И тогда нам удалось только в одном Выборгском районе, где я выступал с докладом, провести резолюцию в пользу ЦК партии против Зиновьева большинством голосов. Лишь после XIV съезда, когда съезд осудил позицию Зиновьева, когда организация увидела, что держаться прежней линии для коммуниста – значит идти против ЦК партии, удалось изменить положение в Ленинградской организации в пользу правильной партийной линии. В то время выезжала в Ленинград группа членов ЦК: Калинин, Киров и другие, которые несколько дней выступали в районах.

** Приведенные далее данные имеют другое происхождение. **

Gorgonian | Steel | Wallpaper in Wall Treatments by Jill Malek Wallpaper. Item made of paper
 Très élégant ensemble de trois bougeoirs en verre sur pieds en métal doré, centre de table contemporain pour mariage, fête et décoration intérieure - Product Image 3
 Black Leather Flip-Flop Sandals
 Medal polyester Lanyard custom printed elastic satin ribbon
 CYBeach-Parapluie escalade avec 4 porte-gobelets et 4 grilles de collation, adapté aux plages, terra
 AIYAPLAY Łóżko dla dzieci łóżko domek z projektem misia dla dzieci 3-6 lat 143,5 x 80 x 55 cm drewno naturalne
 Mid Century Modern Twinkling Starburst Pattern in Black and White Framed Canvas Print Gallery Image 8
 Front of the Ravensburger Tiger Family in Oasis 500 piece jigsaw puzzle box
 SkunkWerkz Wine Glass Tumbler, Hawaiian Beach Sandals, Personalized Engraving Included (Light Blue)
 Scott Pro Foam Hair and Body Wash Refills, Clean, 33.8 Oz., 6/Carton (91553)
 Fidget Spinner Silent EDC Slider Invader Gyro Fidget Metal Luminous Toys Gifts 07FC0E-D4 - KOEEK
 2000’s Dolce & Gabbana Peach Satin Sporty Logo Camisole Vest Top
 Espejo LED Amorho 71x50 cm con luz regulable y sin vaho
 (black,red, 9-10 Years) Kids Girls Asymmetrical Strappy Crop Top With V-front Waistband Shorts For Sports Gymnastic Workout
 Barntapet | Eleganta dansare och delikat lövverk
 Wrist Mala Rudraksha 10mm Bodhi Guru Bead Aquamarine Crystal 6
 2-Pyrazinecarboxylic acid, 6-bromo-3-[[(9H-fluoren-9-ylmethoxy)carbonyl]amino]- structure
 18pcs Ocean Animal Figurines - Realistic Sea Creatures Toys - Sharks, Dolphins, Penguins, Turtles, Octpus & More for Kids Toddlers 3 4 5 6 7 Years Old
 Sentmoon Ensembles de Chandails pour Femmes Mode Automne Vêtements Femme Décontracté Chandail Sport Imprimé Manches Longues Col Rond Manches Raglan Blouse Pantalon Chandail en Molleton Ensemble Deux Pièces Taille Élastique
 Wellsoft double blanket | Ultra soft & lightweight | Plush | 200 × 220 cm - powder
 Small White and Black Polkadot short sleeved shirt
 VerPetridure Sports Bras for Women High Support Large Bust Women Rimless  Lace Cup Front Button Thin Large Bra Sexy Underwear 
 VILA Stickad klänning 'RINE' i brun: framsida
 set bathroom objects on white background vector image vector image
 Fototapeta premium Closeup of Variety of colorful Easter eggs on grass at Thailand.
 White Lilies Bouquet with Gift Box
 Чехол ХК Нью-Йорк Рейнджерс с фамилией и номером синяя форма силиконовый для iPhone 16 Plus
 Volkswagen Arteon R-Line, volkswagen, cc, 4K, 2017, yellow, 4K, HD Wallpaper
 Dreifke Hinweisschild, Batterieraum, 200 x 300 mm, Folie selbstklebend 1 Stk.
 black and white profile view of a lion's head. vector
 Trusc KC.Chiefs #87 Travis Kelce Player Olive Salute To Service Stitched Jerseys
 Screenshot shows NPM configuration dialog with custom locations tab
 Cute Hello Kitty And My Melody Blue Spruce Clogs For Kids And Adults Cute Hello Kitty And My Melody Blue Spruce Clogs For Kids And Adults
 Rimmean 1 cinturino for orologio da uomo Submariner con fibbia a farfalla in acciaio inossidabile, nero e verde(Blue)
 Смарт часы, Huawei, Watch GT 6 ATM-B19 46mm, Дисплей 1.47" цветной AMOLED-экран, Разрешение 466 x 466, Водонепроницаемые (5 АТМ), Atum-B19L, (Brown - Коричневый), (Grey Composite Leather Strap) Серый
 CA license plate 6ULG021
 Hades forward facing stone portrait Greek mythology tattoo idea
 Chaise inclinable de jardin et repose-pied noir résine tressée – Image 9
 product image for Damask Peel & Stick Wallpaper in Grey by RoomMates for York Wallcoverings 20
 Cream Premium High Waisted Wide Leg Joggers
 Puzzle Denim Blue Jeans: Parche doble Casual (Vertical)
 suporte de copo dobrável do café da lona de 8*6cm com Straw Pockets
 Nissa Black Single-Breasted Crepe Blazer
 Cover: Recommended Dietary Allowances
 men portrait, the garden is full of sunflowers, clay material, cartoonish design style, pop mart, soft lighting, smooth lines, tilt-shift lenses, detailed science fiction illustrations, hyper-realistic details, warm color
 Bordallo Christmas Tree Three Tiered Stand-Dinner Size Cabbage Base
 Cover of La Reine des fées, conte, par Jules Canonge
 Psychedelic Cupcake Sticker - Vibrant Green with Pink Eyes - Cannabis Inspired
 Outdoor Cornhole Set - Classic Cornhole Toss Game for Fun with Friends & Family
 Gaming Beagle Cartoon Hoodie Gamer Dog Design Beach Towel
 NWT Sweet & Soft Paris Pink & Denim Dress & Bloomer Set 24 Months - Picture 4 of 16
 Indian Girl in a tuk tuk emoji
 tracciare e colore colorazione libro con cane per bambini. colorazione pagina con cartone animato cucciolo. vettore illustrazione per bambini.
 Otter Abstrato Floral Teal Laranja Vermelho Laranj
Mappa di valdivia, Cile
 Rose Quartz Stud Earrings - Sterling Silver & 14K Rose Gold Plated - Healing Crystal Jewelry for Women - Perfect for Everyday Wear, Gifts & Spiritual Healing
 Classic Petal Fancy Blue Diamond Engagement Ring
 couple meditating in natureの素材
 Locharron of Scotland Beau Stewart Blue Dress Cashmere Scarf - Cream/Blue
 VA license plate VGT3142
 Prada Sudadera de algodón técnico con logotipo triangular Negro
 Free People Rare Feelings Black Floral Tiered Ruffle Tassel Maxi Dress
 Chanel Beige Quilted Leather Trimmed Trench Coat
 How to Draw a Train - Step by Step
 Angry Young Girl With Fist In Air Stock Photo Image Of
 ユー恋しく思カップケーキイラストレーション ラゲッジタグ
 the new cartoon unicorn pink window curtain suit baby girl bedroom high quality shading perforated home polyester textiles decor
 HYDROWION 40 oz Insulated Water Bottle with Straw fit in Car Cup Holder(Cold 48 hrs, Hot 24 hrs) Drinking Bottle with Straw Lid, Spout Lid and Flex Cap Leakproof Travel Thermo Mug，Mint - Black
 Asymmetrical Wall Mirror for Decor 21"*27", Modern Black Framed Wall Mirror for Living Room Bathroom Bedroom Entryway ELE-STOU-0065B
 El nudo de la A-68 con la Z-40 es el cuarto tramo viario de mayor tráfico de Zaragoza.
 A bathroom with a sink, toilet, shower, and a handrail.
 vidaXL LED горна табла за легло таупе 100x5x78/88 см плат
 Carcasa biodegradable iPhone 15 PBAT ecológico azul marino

Надо думать, что Сталин не хуже других понимал свое положение в сравнении с Зиновьевым, которое сложилось на партийном съезде. Видимо, он считал, что не только как организатор не слабее Зиновьева и Каменева, но и в теоретических вопросах не уступает им. Он решил постепенно изменить мнение в партии в свою пользу. Этим надо объяснить его открытое выступление на собрании кремлевских курсантов в 1924 г. после какого-то Пленума ЦК, где он прямо выступил против Зиновьева, справедливо раскритиковал его утверждение в каком-то выступлении, что у нас в стране «диктатура партии», убедительно показав известную мысль, что у нас «диктатура пролетариата», а не «диктатура партии».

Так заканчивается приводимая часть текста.